So yes. Actually, the crossover was pretty easy for me, because in architecture, I was designing buildings and houses and stores and selling construction how to build it, and I would go there and make sure it was getting done correctly. Exact same thing in the movies. I design it and then I help get it built. And the nice thing about this one is it comes apart and doesn’t stay there forever.

So did you find–

I got to actually learn how to design sets and forget that it’s not real so that it doesn’t need to support buildings– or people and it doesn’t need to stand for a hundred years and things like that. So that was the only hard transition for me.

OK, yeah, that makes a lot of sense. I never even considered that Yeah, you’re not building it for the test of time.

Right. Exactly.

Well, I can see some similarities in the different jobs you’ve done or businesses you’ve owned, whether it was designing jewelry, doing the architecture or 3D graphics, and then going into this. There’s an art element behind all of that. So there’s I can see a connection, and you’re trying to bring somebody else’s vision to life in each of these jobs that we talked about that you were doing.

And so there was maybe a little bit more of a natural path, but still, it had to be a little bit some anxiousness about jumping from architecture where you knew what you were doing and jumping into something else where you didn’t know. And you were bound to make a few mistakes here and there or not say the right word or whatever, who knows? Make some mistakes because you’re in a different industry.

But what advice would you give to someone who wants to follow their passion? And it may be a complete 180 from what they’re doing, or it may be something that’s just an easy transition from what they’re doing now. But what would you tell somebody who’s thinking, I don’t want to do what I’m doing now for the rest of my life, how do you make that change?

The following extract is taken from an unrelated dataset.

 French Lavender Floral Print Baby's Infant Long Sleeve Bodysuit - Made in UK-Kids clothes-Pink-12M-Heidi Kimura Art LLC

So it’s interesting that you point that out, because that’s exactly what happened to my friend that got me into the industry. So he decided he was sick of architecture, didn’t want anything to do with it anymore. But you don’t spend 20 years of your career doing architecture and just walking away from it. So there’s an easy transition for both him and I to switch to something along the lines of what we were doing before even though it’s a completely different career and field.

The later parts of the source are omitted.